What Is AVIF? A Simple Guide to the Modern Image Format

AVIF can be half the size of WEBP at the same quality. Here's what AVIF is, when to use it, and when JPG or WEBP is the safer choice.

Updated April 22, 20269 min readBy ImageToAnything Editorial Team

AVIF stands for AV1 Image File Format. It is a still-image format built on top of the AV1 video codec, which itself was created by an industry consortium that included Google, Mozilla, Microsoft, Apple, Netflix, and Amazon. Because it is a derivative of a modern video codec, AVIF compresses images significantly better than older formats designed in the 1990s.

Why AVIF files are smaller

Older image codecs like JPG use compression techniques that are decades old.
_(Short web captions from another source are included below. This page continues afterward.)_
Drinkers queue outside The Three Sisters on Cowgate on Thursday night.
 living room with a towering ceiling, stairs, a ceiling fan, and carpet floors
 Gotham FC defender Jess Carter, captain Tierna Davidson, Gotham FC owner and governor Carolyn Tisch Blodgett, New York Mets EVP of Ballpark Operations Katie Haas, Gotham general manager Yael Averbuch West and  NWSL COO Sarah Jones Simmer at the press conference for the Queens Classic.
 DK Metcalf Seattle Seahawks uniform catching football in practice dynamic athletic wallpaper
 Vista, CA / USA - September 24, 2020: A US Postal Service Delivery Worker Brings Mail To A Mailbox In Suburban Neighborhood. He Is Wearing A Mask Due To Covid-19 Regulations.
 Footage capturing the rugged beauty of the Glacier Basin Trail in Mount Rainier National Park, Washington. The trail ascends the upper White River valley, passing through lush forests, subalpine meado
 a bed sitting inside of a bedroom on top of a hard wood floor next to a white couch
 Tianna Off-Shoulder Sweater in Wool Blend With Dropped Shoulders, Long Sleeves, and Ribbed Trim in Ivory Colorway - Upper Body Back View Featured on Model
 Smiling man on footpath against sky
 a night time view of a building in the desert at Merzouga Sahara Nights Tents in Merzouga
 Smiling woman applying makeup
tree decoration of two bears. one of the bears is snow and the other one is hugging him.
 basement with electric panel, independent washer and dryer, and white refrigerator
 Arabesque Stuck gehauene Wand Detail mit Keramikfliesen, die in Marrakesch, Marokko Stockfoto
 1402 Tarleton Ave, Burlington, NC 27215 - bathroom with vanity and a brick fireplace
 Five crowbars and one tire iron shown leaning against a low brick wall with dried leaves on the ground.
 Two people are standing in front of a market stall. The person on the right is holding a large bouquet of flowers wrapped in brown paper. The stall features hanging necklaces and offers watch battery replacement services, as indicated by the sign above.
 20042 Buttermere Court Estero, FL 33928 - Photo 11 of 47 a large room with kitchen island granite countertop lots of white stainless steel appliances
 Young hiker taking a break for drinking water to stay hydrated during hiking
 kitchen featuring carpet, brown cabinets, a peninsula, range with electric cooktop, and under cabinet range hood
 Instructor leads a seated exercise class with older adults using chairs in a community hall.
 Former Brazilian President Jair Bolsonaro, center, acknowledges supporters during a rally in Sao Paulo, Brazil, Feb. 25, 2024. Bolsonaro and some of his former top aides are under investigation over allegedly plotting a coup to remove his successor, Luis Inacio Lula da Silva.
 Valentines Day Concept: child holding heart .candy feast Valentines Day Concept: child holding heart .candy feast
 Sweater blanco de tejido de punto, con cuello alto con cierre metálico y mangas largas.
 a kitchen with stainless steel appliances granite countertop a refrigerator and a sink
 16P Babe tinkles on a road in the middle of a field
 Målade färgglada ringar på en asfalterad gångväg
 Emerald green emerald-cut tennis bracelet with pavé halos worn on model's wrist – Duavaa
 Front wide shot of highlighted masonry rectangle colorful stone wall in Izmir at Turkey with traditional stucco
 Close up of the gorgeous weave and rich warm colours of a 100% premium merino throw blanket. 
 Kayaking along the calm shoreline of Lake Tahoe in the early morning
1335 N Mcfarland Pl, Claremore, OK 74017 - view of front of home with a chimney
Modern video codecs like AV1 use newer techniques — better prediction, larger block sizes, and smarter handling of high-detail regions — to remove more redundant information without making the picture look worse. AVIF inherits all of that and applies it to a single frame.

In practice, this means AVIF files are typically 30–50% smaller than WEBP and 60–80% smaller than JPG at visually equivalent quality. For photo-heavy pages, the savings translate directly to faster loads and lower bandwidth bills.

Comparison at the same visual quality

SourceJPGWEBPAVIF
12 MP landscape photo1.8 MB780 KB390 KB
Portrait, soft background950 KB420 KB210 KB
Product shot on white320 KB180 KB95 KB
Detailed UI screenshot210 KB140 KB120 KB

Pros and cons

Pros

  • Best-in-class compression at any given quality level.
  • Supports HDR, wide colour gamut, 10-bit and 12-bit colour depth.
  • Supports transparency.
  • Royalty-free and patent-friendly.
  • Backed by every major browser vendor.

Cons

  • Encoding is slower than JPG or WEBP, especially at the highest compression settings.
  • Older email clients, image viewers, and design tools may not render it.
  • Default Windows Photos viewer needs an extension on some installs.
  • Some social platforms still recompress AVIF into something else on upload.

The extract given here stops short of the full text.